Perhaps the login system could be based around questions: ‘what is a name of a blonde person in your group?’ And let’s say, to sign in, you answer three questions: two which are known by the system and one which isn’t. The one which isn’t known is asked several times and the answers correlated. This becomes another known fact the system can use in the official part of the sign-in process. The problem I see here is that people from outside the group could also sign in, and this is also the problem with traditional passwords: with my weblog, it’s not the random stranger I want to prevent logging in–it’s the potentially malicious people I might meet, who are the people most likely to guess my password (except that I use a strong password, but you get my drift).
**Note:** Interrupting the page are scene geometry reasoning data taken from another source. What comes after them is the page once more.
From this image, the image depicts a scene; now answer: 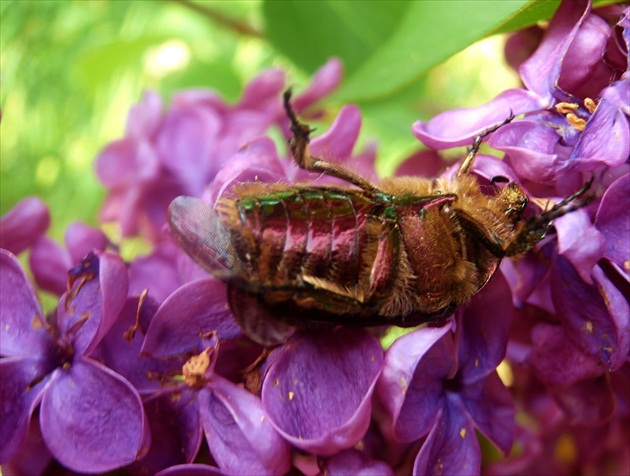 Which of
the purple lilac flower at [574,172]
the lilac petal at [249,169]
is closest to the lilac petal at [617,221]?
the purple lilac flower at [574,172]

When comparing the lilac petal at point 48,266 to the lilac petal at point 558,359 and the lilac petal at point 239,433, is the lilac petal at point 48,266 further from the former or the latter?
the lilac petal at point 558,359

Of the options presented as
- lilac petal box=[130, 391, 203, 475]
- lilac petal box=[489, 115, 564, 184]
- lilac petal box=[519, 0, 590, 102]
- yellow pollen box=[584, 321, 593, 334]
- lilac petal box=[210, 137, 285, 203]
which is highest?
lilac petal box=[519, 0, 590, 102]

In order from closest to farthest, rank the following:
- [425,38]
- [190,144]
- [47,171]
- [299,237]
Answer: [299,237]
[425,38]
[190,144]
[47,171]

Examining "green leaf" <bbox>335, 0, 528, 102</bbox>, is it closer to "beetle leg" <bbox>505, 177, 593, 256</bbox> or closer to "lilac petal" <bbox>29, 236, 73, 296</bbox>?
"beetle leg" <bbox>505, 177, 593, 256</bbox>

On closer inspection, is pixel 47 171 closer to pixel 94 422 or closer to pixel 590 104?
pixel 94 422

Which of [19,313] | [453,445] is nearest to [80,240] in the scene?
[19,313]

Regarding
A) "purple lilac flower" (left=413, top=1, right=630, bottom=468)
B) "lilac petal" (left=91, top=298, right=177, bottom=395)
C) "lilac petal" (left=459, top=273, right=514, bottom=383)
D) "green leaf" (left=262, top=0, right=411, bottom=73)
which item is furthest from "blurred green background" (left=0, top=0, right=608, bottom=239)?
"lilac petal" (left=91, top=298, right=177, bottom=395)

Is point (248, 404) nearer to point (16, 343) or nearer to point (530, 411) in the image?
point (16, 343)

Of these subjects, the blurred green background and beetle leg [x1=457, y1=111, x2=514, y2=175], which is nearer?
beetle leg [x1=457, y1=111, x2=514, y2=175] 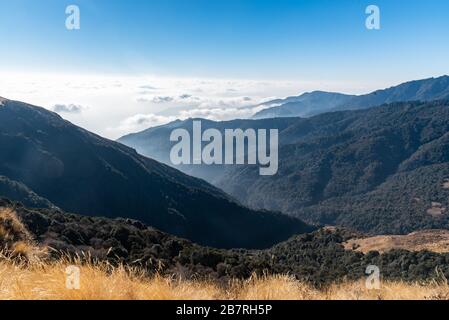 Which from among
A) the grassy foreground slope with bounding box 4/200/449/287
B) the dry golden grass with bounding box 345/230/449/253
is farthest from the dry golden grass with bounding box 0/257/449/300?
the dry golden grass with bounding box 345/230/449/253

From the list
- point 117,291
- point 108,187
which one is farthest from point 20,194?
point 117,291

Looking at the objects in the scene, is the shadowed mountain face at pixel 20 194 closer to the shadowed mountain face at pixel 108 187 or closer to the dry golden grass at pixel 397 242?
the shadowed mountain face at pixel 108 187

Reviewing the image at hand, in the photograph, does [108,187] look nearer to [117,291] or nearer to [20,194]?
[20,194]

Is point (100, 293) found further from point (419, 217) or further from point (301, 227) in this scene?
point (419, 217)

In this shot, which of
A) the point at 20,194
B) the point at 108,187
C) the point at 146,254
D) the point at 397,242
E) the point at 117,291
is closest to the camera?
the point at 117,291

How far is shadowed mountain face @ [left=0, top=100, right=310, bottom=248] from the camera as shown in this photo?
109 metres

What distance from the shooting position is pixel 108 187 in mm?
118062

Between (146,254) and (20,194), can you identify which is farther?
(20,194)

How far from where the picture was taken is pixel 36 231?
22781mm

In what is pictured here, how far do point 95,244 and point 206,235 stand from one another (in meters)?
96.8

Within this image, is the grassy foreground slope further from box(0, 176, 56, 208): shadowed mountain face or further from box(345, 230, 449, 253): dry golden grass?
box(0, 176, 56, 208): shadowed mountain face

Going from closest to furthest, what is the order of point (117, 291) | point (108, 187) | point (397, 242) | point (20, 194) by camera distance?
point (117, 291)
point (397, 242)
point (20, 194)
point (108, 187)

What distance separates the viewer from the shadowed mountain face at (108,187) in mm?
109438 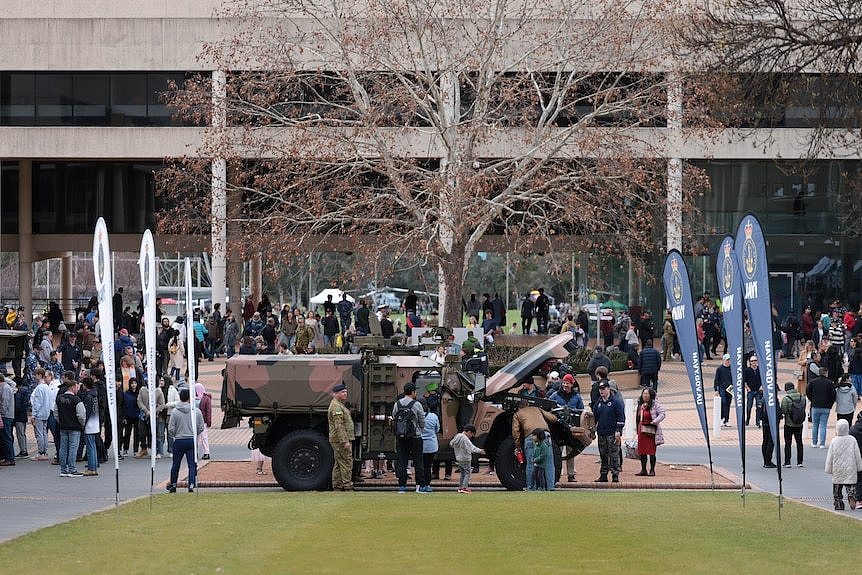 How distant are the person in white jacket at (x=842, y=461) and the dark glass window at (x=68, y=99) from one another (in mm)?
36979

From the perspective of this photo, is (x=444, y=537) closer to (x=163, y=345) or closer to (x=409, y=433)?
(x=409, y=433)

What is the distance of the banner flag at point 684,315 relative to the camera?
19.1 metres

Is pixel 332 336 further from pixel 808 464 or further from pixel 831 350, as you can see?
pixel 808 464

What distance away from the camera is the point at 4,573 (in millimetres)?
12289

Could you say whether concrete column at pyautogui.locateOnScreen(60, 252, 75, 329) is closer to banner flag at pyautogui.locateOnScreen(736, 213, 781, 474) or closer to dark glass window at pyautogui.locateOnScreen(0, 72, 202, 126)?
dark glass window at pyautogui.locateOnScreen(0, 72, 202, 126)

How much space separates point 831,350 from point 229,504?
18.2 m

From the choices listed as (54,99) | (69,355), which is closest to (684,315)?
(69,355)

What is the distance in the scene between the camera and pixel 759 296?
15.8m

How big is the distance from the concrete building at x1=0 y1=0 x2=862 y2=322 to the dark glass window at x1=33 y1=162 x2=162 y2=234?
0.04 meters

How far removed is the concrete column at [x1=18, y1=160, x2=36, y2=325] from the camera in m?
55.0

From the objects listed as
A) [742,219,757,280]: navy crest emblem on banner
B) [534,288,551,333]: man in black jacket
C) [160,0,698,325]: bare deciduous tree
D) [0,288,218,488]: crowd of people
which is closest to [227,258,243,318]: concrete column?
[534,288,551,333]: man in black jacket

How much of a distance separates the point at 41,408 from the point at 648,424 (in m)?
10.3

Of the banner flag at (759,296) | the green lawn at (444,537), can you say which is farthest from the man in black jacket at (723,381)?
the banner flag at (759,296)

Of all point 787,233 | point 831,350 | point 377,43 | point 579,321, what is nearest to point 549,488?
point 831,350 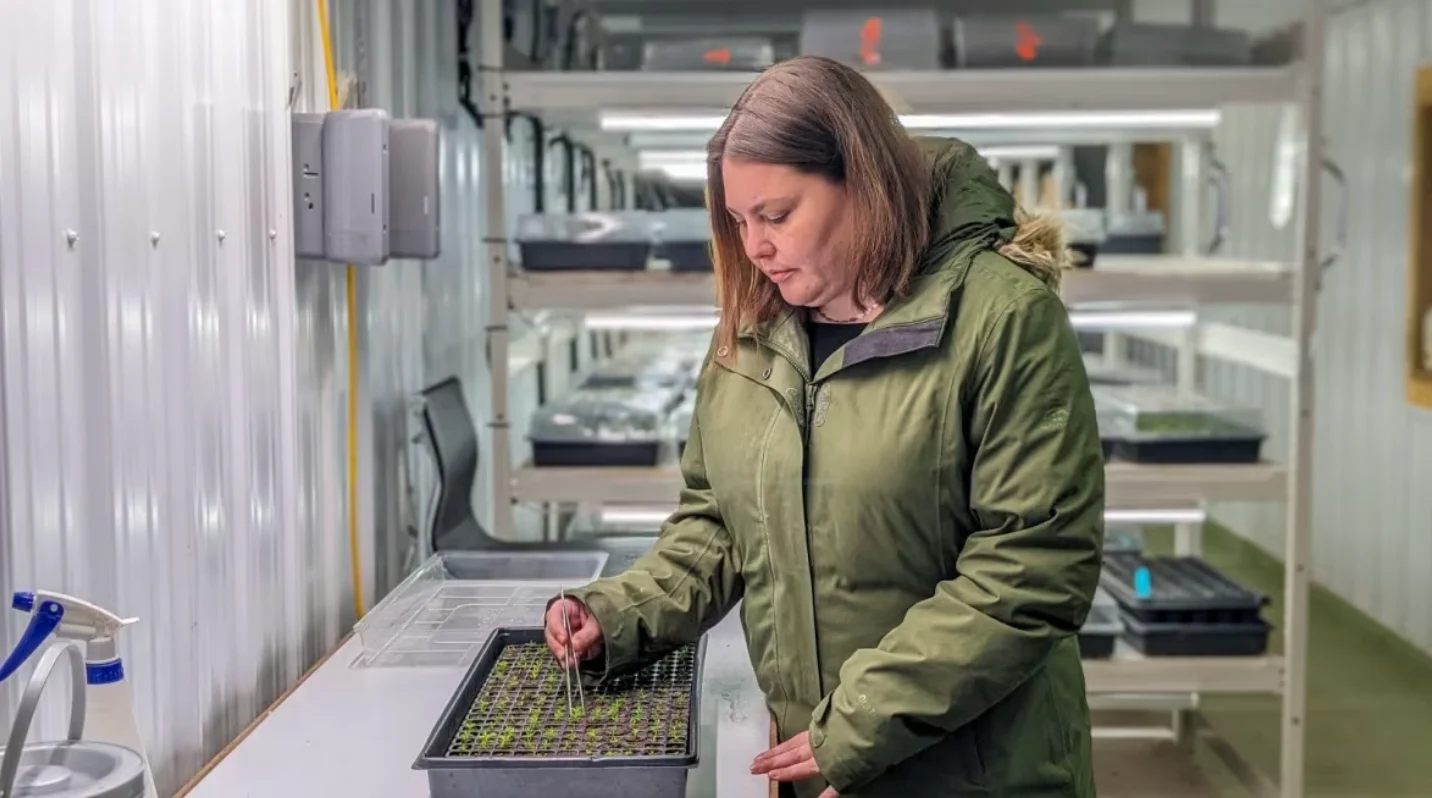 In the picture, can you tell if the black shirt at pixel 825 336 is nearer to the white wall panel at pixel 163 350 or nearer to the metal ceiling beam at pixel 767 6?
the white wall panel at pixel 163 350

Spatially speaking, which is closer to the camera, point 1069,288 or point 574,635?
point 574,635

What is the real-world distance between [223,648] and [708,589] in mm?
642

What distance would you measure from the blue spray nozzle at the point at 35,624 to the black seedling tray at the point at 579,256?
6.38 ft

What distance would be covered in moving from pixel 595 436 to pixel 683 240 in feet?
1.62

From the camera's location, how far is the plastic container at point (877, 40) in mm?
3072

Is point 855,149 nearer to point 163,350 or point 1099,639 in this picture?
point 163,350

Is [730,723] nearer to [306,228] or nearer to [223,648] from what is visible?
[223,648]

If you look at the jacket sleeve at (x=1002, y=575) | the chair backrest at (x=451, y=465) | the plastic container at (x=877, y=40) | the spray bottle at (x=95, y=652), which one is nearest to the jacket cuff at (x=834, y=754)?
the jacket sleeve at (x=1002, y=575)

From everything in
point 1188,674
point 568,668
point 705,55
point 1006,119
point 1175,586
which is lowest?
point 1188,674

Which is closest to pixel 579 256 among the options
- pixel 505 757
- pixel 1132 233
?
pixel 1132 233

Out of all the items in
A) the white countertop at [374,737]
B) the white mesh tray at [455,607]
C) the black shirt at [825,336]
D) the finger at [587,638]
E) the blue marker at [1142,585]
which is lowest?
the blue marker at [1142,585]

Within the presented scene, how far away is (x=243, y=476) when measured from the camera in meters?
1.80

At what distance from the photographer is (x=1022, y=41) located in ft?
10.0

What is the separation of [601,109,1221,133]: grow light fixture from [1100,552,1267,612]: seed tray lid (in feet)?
3.48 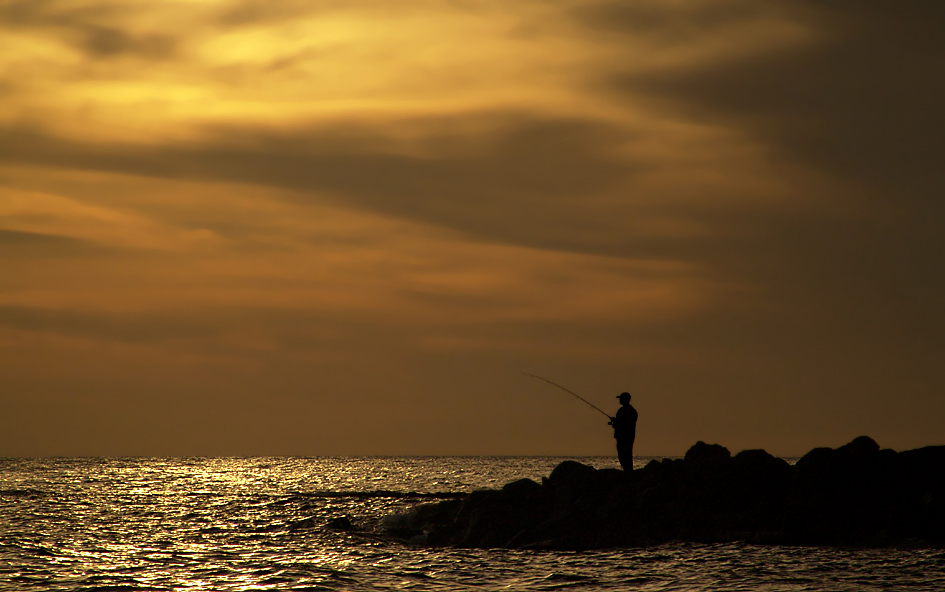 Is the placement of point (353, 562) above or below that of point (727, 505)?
below

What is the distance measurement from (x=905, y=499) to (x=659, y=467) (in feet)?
16.3

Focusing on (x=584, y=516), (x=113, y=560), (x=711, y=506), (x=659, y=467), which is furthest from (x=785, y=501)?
(x=113, y=560)

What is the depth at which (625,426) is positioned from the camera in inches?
810

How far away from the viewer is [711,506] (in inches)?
762

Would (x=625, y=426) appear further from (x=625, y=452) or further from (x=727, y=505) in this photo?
(x=727, y=505)

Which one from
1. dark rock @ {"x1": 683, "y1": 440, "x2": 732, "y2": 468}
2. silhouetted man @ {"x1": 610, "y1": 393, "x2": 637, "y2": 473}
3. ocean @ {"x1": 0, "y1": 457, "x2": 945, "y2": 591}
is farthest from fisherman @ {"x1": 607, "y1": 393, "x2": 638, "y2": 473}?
ocean @ {"x1": 0, "y1": 457, "x2": 945, "y2": 591}

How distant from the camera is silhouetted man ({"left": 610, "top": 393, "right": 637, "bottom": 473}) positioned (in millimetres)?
20531

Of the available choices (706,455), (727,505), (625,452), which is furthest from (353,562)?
(706,455)

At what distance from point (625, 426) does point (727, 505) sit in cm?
272

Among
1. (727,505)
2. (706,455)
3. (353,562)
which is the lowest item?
(353,562)

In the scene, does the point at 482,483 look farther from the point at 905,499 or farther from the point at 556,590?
the point at 556,590

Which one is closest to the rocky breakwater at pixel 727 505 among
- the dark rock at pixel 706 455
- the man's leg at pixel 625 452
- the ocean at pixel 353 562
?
the dark rock at pixel 706 455

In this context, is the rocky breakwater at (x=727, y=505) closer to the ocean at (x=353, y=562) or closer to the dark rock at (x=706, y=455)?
the dark rock at (x=706, y=455)

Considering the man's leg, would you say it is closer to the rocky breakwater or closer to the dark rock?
the rocky breakwater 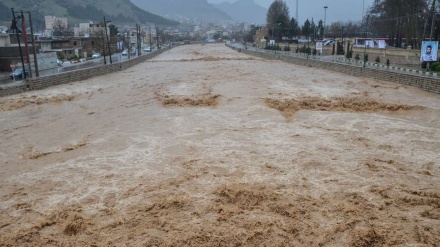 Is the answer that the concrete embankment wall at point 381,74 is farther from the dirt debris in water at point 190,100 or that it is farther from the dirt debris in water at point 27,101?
the dirt debris in water at point 27,101

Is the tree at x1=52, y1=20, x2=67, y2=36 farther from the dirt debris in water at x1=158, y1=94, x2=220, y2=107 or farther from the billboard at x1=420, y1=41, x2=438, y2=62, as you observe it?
the billboard at x1=420, y1=41, x2=438, y2=62

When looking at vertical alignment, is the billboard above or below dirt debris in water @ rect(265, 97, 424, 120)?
above

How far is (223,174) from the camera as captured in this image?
10.4m

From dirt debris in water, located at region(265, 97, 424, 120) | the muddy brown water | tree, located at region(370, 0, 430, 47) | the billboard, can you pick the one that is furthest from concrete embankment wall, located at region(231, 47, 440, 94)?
tree, located at region(370, 0, 430, 47)

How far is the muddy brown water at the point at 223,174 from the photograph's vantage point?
7504 mm

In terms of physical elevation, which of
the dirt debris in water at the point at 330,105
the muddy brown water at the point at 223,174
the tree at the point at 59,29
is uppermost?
the tree at the point at 59,29

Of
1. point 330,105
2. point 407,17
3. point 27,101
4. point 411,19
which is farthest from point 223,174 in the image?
point 411,19

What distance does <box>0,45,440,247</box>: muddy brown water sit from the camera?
24.6 feet

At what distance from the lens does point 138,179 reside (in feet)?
32.9

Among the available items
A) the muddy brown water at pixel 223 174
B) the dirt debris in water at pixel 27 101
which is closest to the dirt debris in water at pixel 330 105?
the muddy brown water at pixel 223 174

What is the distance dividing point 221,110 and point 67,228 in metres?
11.8

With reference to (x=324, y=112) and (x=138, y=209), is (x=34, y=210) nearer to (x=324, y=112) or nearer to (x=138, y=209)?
(x=138, y=209)

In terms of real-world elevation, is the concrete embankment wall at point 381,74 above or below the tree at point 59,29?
below

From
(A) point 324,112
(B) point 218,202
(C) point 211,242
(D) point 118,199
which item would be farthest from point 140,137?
(A) point 324,112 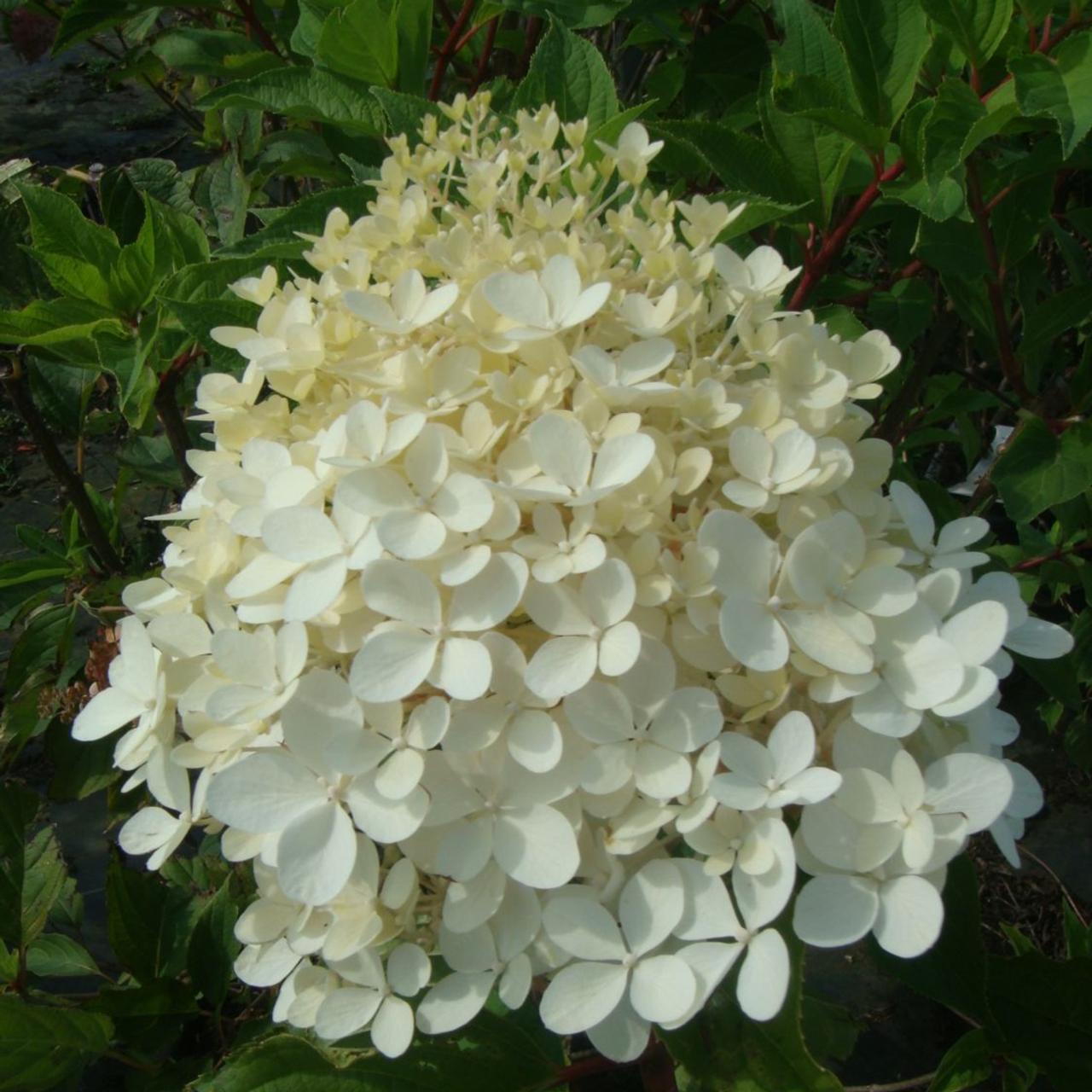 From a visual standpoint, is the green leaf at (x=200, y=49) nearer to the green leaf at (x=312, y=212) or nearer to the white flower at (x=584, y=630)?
the green leaf at (x=312, y=212)

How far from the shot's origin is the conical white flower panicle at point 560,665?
1.90 feet

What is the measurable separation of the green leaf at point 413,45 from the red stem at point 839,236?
43 centimetres

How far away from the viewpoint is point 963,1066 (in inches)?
33.2

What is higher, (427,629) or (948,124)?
(948,124)

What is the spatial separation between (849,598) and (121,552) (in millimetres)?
1360

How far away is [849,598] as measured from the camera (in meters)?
0.62

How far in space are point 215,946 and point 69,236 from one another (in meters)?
0.75

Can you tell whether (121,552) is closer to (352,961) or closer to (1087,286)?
(352,961)

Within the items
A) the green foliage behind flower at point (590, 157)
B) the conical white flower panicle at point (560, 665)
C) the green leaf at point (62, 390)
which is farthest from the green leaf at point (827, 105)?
the green leaf at point (62, 390)

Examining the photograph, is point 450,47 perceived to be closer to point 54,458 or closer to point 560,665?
point 54,458

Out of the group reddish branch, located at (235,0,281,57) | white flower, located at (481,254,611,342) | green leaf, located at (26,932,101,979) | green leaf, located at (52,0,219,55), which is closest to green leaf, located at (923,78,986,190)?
white flower, located at (481,254,611,342)

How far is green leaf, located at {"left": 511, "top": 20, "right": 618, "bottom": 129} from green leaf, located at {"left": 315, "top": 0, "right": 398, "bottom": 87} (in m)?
0.15

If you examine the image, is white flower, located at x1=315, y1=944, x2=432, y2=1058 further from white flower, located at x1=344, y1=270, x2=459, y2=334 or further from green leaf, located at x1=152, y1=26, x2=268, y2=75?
green leaf, located at x1=152, y1=26, x2=268, y2=75

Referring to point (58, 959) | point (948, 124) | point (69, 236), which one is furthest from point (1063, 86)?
point (58, 959) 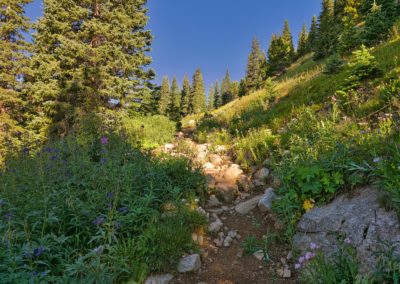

It’s an interesting concept – one that reminds me of the US Department of Motor Vehicles’ method for proving identity. Point values are assigned to different documents based on how authoritative they are as proofs of identity – a passport is 4 points whereas a high-school diploma is only 1 point. So a specific transaction requires a specific point total (e.g. 6 points to renew a driver’s license), and it’s up to the applicant to provide a collection of documents that add up to the required number of points. If we extend the DMV’s system to online sign-in, in addition to accepting a username and password, we might also accept other weaker forms of identification such as an IP address, user agent, a multiple choice question about the last action you took on the site or the title of the last book read by the club.

continue reading »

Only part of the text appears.